SCBA Pres. Proves The 12-34 Demo Still Loves Radio
October 28, 2010 at 4:15 AM (PT)
SOUTHERN CALIFORNIA BROADCASTERS ASSOCIATION Pres. MARY BETH GARBER loves to share positive stories that radio can give to their sales staffs and take to the street. The latest "good news" are findings that the 12-34 demographic is still listening to radio -- in large numbers.
Said GARBER, "In light of all the chatter about how and whether or not young people use radio TODAY, we asked BILL ROSE of ARBITRON for an analysis of 12-34 persons' radio listening in the 10 PPM markets that have been in existence since SEPT. 2008. He tracked changes in % listening and for how long they listened. His findings are based on nearly 5,000 persons 12-34 from just these 10 markets and come from passive measure PORTABLE PEOPLE METERS rather than questions about people's perception of their media usage habits."

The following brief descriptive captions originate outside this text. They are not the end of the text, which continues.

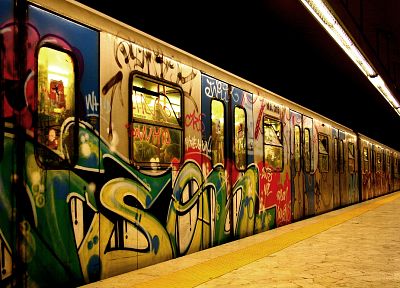 метро, стрит-арт - случайные обои для рабочего стола
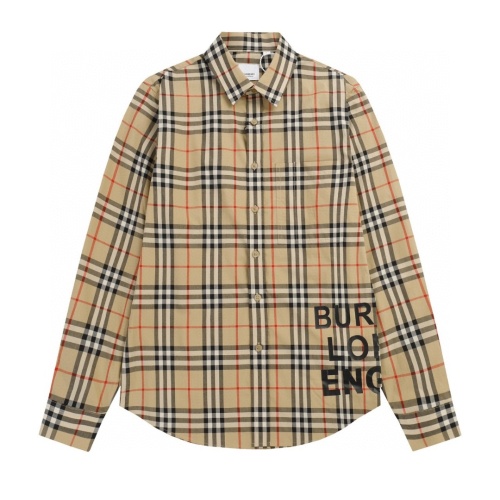 Replica Burberry Shirts Long Sleeved For Unisex #1237320, $64.00 USD, [ITEM#1237320], Replica Burberry Shirts outlet from China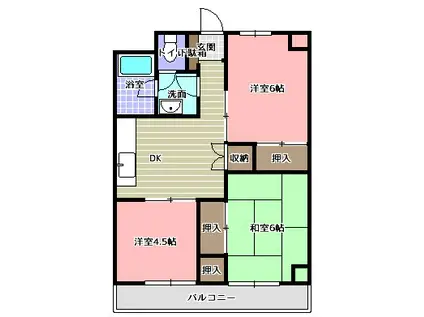 コンフォール(3DK/5階)の間取り写真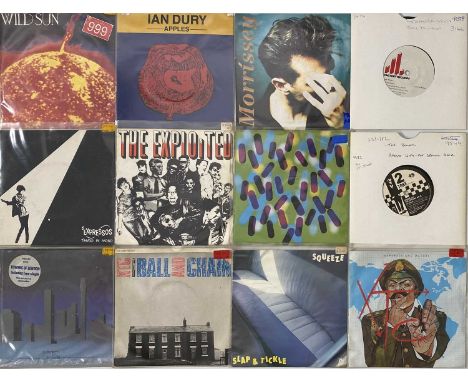 SYNTH / COOL POP / WAVE / PUNK - 7" COLLECTION. Another collection of around 130 x 7". Artists/ Titles include 999 - Wild Sun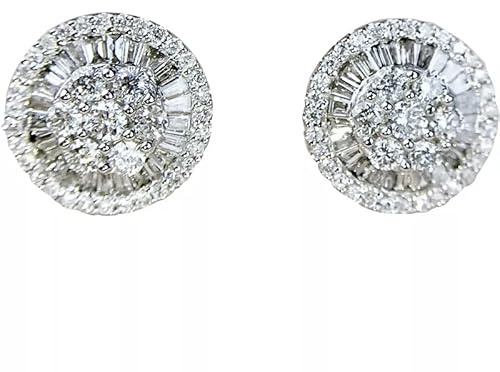 Diamantörhänge för kvinnor Smycken Bröllopsförlovningsörhängen Brud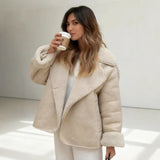 Fongt Burst Women's Clothing Lint With Velvet Warm Fur Coat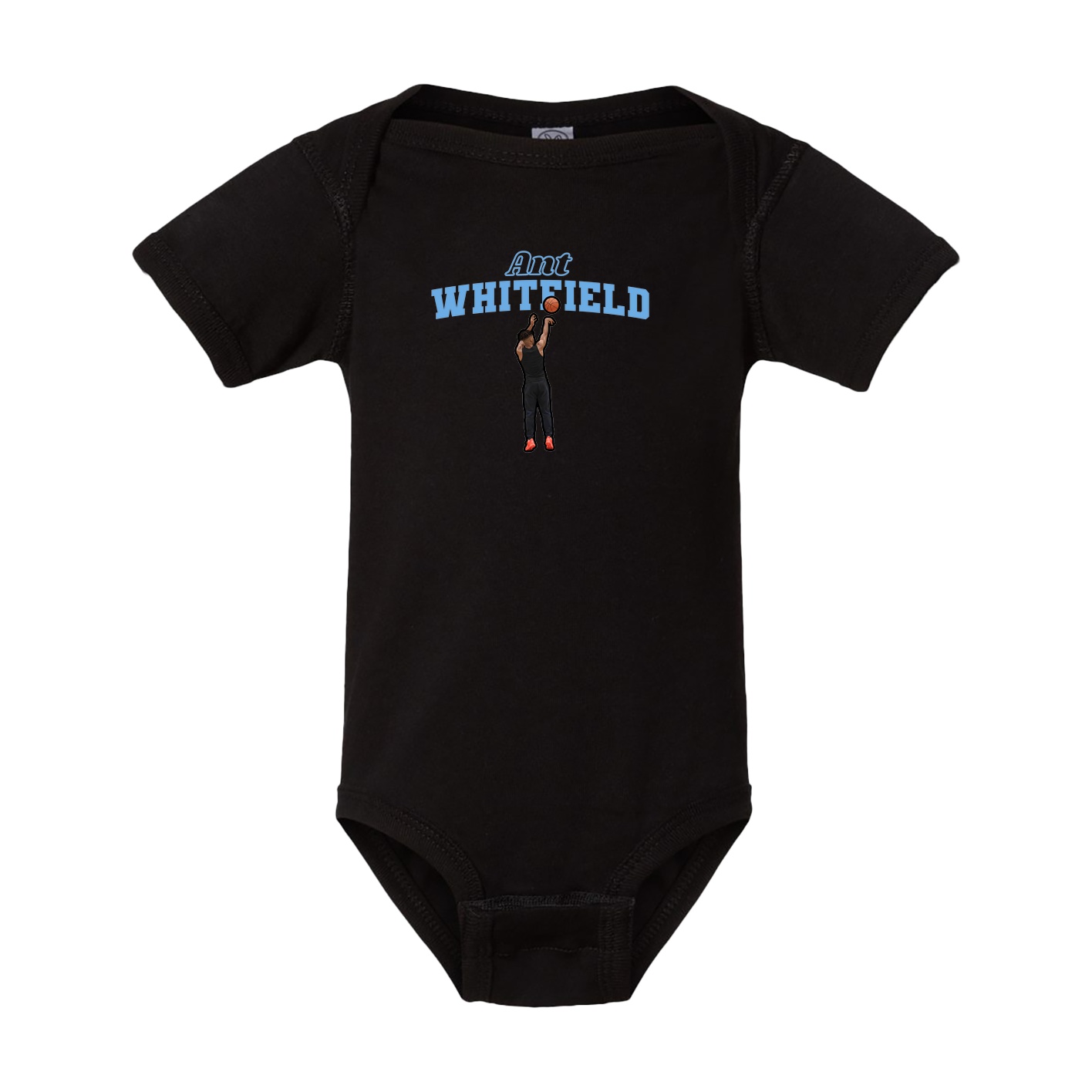 Baby Onesie — Name Arch in Black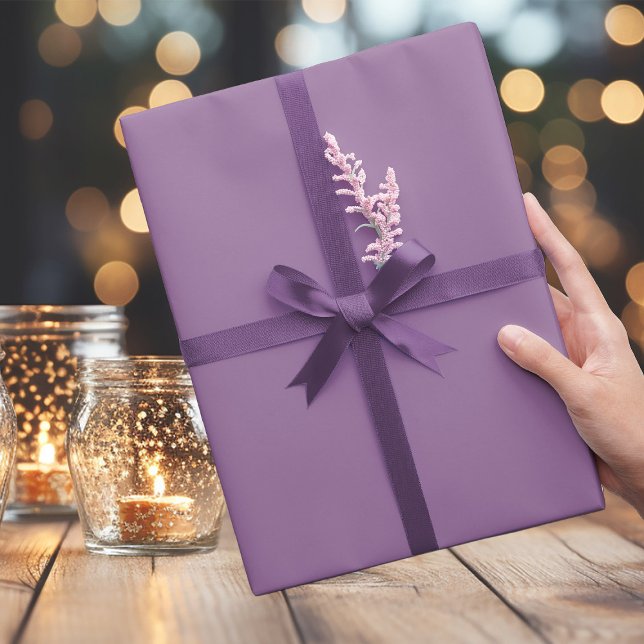 Trend Color Soft Lavender Wrapping Paper (Creator Uploaded)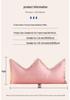 Cartoon Bedside Soft Upholstered Backrest Cushion for Children's Tatami or Girls' Bedroom, 2026 Anti-Collision Pillow.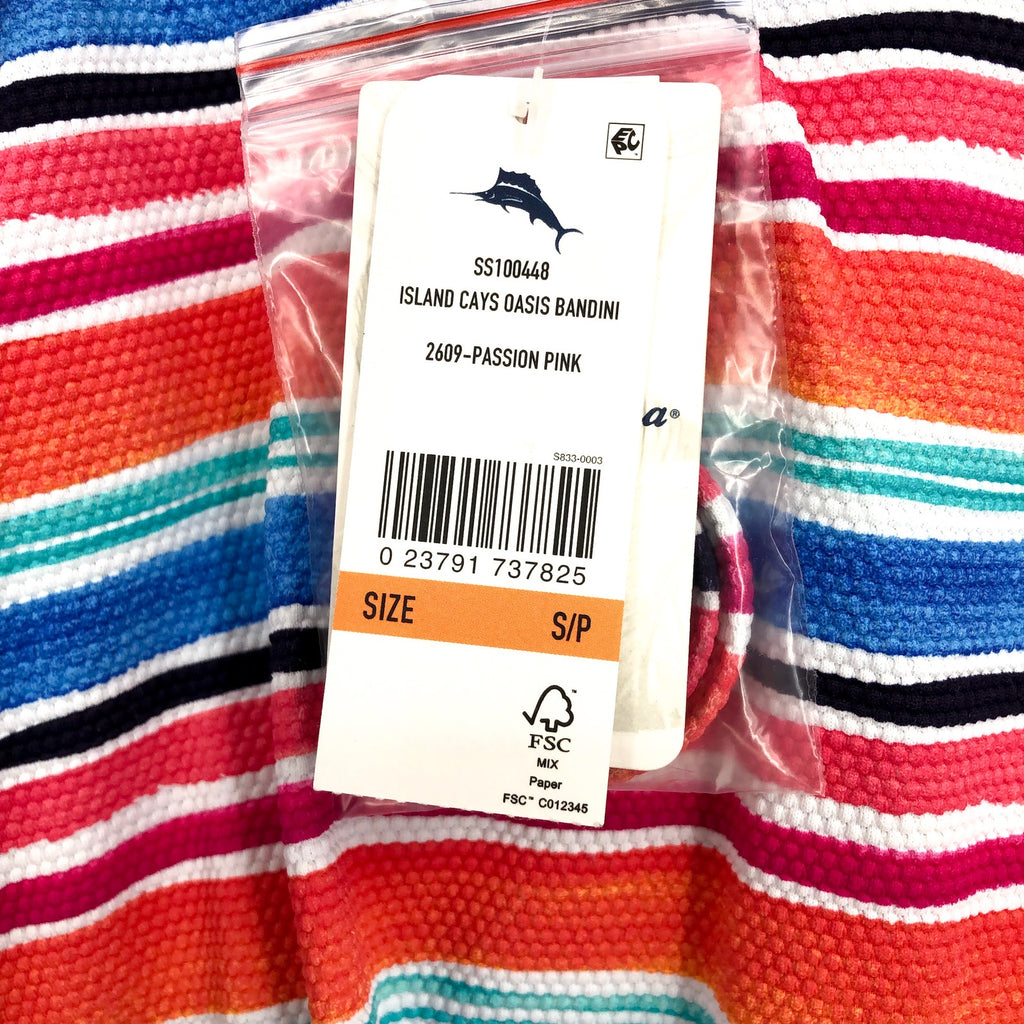 TOMMY BAHAMA Womens Oasis Bandeau Tankini Top Small Passion Pink Island Cays NWT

His findings? "Radio listening among young people age 12-34 has remained steady in the 10 PPM markets that have been currency during the past three years. An analysis of these 10 PPM markets reveals that the percentage of people age 12-34 who have tuned for five or more minutes during the week (weekly cume rating) has actually grown from an average of 93.0% in SEPTEMBER 2008 to 94.9% in SEPTEMBER 2010. In addition, Radio Time Spent Listening has been stable at 10:09 per week in SEPTEMBER 2010 up slightly from 10:04 in SEPTEMBER 2008. The stability of Radio listening is evidence of the medium's continued importance among young people and is especially noteworthy considering the highly publicized growth of smart phone usage, social networking and pureplay Internet radio during this span of time."
"The ARBITRON data is based on what 5,000 people in 10 markets actually did, vs. typically what 1,500 people nationwide say they did," points out GARBER. "Building a communications plan using only perception-based data is like building on sand. That's why the advertising business demanded passive electronic measurement of TV and Radio. ARBITRON's passive measurement data clearly shows that radio is as vital now as it was in 2008 in the lives of 12-34 year olds."